Chapter One

Dear Constituents of Hartland, Wyoming:

A Hollywood studio has requested permission to shoot a movie here for three months. After making some inquiries, I’ve learned that the director attached to the film is rather infamous for making a lot of noise when things don’t go his way.

That said, the temperamental SOB is highly likely to feel offended and suspicious if we turn the studio’s request down.

In light of this, I propose we simply bite the bullet and see how things turn out. We’ve always known we’d have to deal with something like this sooner or later. We can use this as a learning exercise and make adjustments as we see fit.

Please contact my secretary if you would like to have her provide you suitable candidates to temporarily take over management of your respective establishments. Let others work in your stead whenever filming is scheduled in your area.

Your cooperation on this matter will be deeply appreciated.


Oliver Winterbourne II

Mayor of Hartland, Wyoming

The bookstore was a plain stone building with a well-aged look to it, and hanging on top of its porch was an equally plain white signage board. Painted on it was the shop’s name – HARTLAND BOOKS – in no-nonsense Times New Roman. The overall effect could’ve been excessively stark, but having colorful book spines pressed against its cut-up windows gave its simplicity a rather whimsical charm of its own.

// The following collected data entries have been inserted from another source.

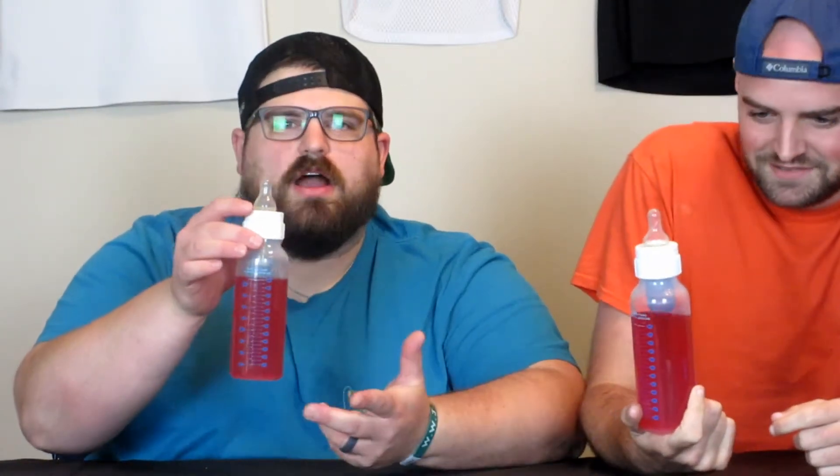What's up, YouTube? Back again with another video. It is Gavin and Cody, and today we are going to do a Gatorade chug out of a baby bottle. Because why not?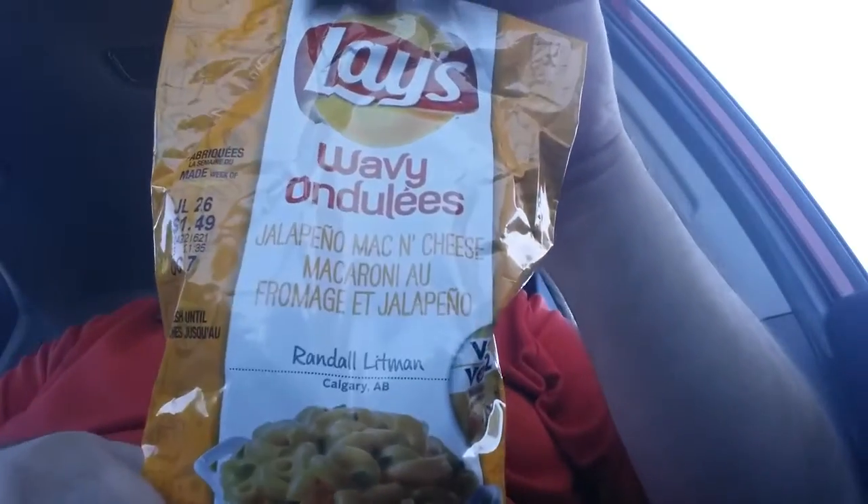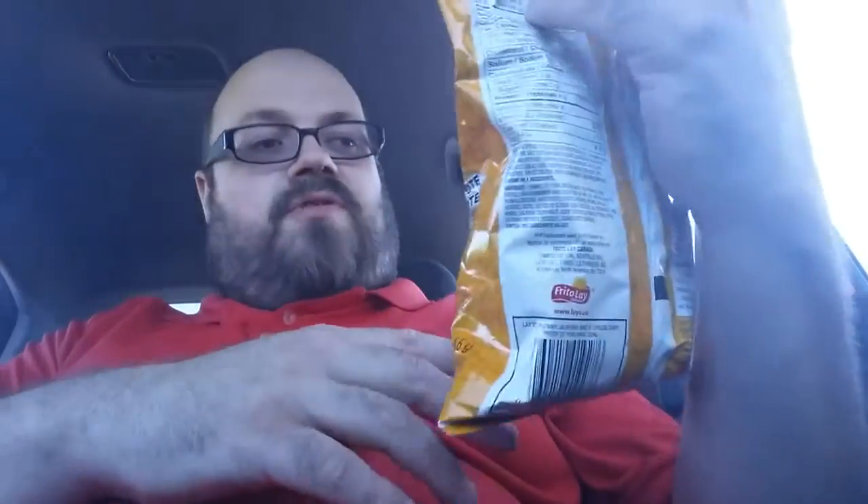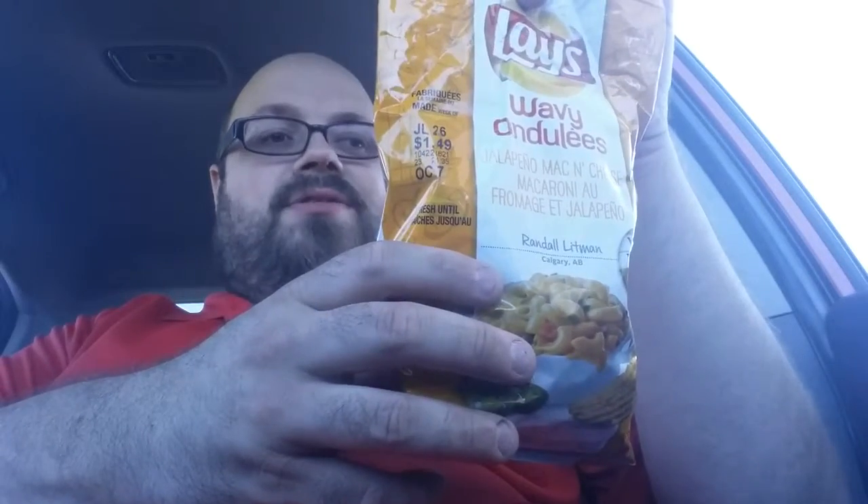Welcome back to Drew's Food Reviews. We're going on to bag number two of the Lay's Do Us a Flavor Contest, and this one is Jalapeño Mac and Cheese. This was presented to us by Daniel Littman.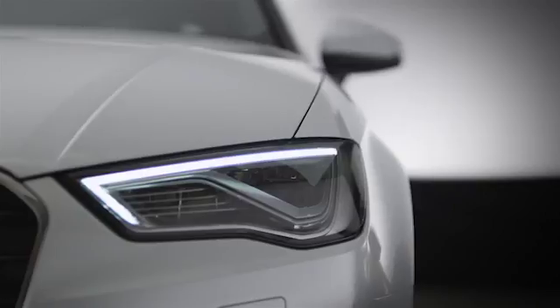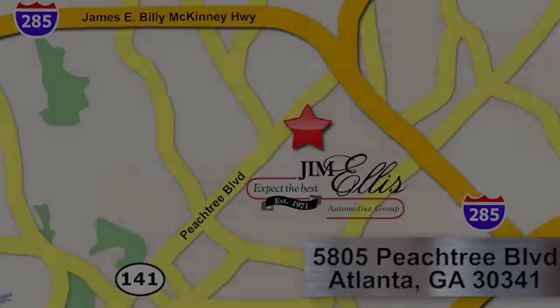At Audi Atlanta, we prove every day that buying a car can be an enjoyable experience. Contact Audi Atlanta today or stop on by. We're conveniently located at 5805 Peachtree Blvd in Atlanta.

All in all, Frankie could see why her bookish friend was so enamored with her weeks-old workplace, but…

“Oh my God, Blake. Will you please stop that?” Frankie complained in a groan.

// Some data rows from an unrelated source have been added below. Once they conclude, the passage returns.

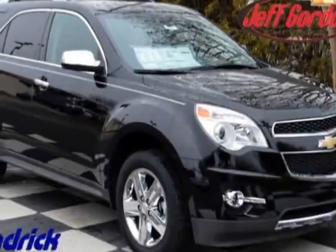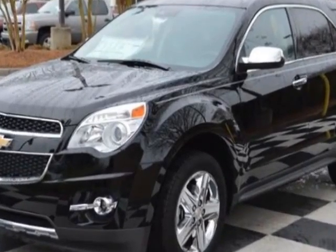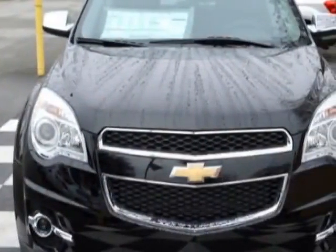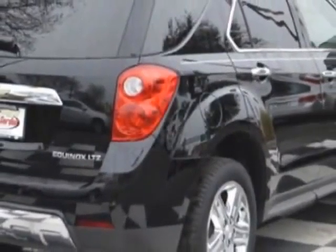Check out this new 2015 Chevrolet Equinox. For your protection, this vehicle has a full factory warranty. This Equinox boasts a 2.4-liter engine and has a 6-speed automatic transmission.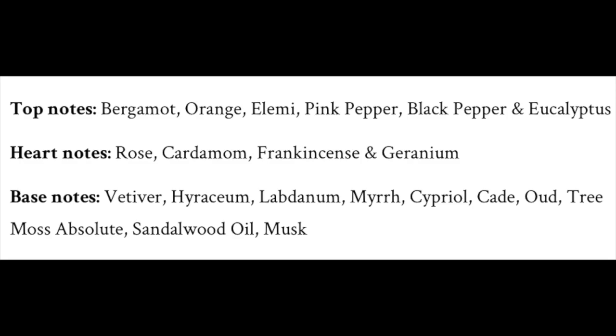Us features the same great piece of glass. The word Us is not written on it at all — the color of the juice is all you need to know. I have the fragrance on a dry-down strip, and I believe this is my favorite one from the whole bunch — spoiler alert. The notes are bergamot, orange, elemi, pink pepper, black pepper, eucalyptus, rose, cardamom, frankincense, geranium, vetiver, hyracium, labdanum, myrrh, cypriol, cade, oud, tree moss absolute, sandalwood oil, and musk.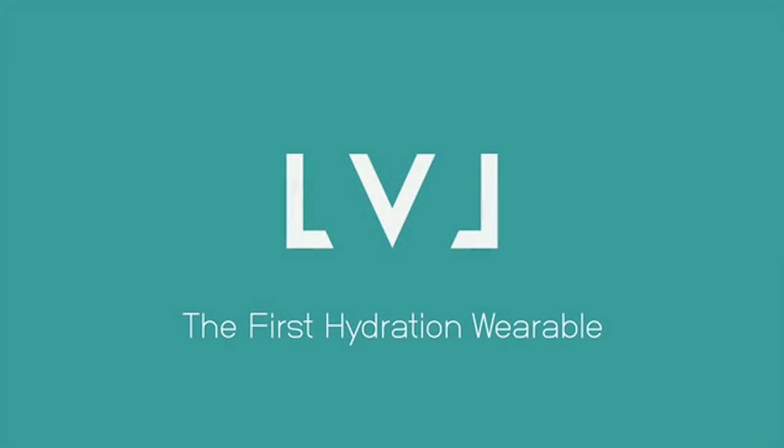A lot of people are dehydrated nowadays. We've gotten some comments about the mugs — hey, what's in the mugs? It's not vodka, it's actually water. The million-dollar campaign we're talking about today is called The Level, and it's the first wearable hydration monitor.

“Stop what?” Blake pocketed her keys as she pushed the store door open and stepped aside to let her friend in.

“That.” Frankie made a vague, irritable gesture towards her friend’s face. Blake’s eyes were shining too brightly, and the idiotic grin hadn’t left her friend’s face ever since Frankie had accidentally let it slip about Thornton Blackwood being single for years.

“I really don’t get what you see in him,” Frankie grumbled. So, sure, Thornton and his twin Aidan were dead ringers for Keanu Reeves, but with the former it was having a more distinct likeness to John Wick.

He was just had this terrifying way of looking at a person, Frankie thought uncomfortably, like being dropped dead in the middle of a sniper rifle’s crosshairs.

Inside the shop were bookshelves standing a dozen feet tall and reaching all the way to the ceiling. Ladders on rollers were on every side, and in one corner was a reading area with mismatched chairs paired with wooden tables edged in black steel.

After placing her tote bag under the counter, Blake joined her friend at the table, where Frankie already had their homemade salad bowls out of her eco-bag and was already pouring coffee from a flask.

“Mmm.” Blake took an appreciative whiff of the salad, which was Frankie’s specialty. “I smell truffle.”

“All thanks to you,” Frankie answered.

“Me?” The answer bewildered Blake, and the ambivalent look on her friend’s face was an even greater puzzle.

“I got my recruitment bonus last Friday.” It had been twice the usual amount, too, and rightly so, considering how their local John Wick had rejected over twenty job candidates in just one week.

No. Next. She won’t do. He had Frankie climbing walls in frustration, with the way he wouldn’t even deign to explain what his darn criteria was. By the time Thornton threw Candidate #31’s resume into the rubbish bin, she had been ready to quit and was about to tell Mayor Winterbourne to find someone else for the job when her phone started to ring.

It had been Blake, whose mood at that time had erratically swung from tearful to panicky as she relayed her dilemma to Frankie in a choppy jumble of words. Apparently, Blake’s grandmother had suffered a mild stroke, and it had left Amanda partially paralyzed. The quickest and surest way for Amanda to regain full control of her limbs was to undergo therapy at a nursing home and enjoy round-the-clock medical supervision.

This, however, would cost a lot of money, and the only way they could afford it was to sell Amanda’s home. But her grandmother refused to even consider the idea, worried as she was about what would happen to Blake.

‘Do you know of any job that comes with lodging, Frankie? The job I have doesn’t pay much, and I’m hoping instead of paying rent I could use the extra money for Granny’s needs.’

And that when Frankie had her lightbulb moment. After promising Blake to call her back with hopefully good news, she had walked back into her office and heard herself say, ‘I have one last candidate for you to meet. Blake’s someone I can personally recommend—‘

‘He’s hired. Have him come up to my shop tonight.’

Frankie had almost wept in relief at that. If she had gone right ahead and quit as planned, Thornton would have been her first failure – the one and only time that she would’ve failed completing a task that Mayor Winterbourne had given her.